### Activity
Please set down word for word every line from the one holding "Twin Falls Baby Photography" to the end of the data below, both included.

Short descriptive text snippets
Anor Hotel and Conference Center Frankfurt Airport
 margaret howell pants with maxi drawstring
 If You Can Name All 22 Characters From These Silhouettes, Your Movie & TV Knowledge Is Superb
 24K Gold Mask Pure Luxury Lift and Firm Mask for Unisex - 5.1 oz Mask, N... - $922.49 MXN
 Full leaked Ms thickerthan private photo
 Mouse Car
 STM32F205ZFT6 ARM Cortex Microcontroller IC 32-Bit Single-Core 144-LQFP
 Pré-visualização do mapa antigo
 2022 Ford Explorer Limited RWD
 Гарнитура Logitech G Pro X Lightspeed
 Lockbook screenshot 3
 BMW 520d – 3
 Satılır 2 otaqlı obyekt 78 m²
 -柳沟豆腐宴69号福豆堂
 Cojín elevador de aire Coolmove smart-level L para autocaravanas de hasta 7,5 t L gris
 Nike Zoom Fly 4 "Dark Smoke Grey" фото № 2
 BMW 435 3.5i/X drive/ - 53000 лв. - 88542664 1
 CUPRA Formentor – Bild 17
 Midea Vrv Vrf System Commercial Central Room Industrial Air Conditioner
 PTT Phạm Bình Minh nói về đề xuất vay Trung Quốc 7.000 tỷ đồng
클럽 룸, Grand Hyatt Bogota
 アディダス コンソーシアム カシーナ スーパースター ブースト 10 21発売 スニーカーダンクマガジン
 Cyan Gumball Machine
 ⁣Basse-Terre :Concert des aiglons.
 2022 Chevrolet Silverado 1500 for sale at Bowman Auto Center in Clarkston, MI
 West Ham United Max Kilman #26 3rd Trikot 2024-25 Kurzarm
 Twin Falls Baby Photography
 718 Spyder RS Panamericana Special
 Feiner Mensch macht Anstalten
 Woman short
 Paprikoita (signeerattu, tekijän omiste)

### Exercise output
 Twin Falls Baby Photography
 718 Spyder RS Panamericana Special
 Feiner Mensch macht Anstalten
 Woman short
 Paprikoita (signeerattu, tekijän omiste)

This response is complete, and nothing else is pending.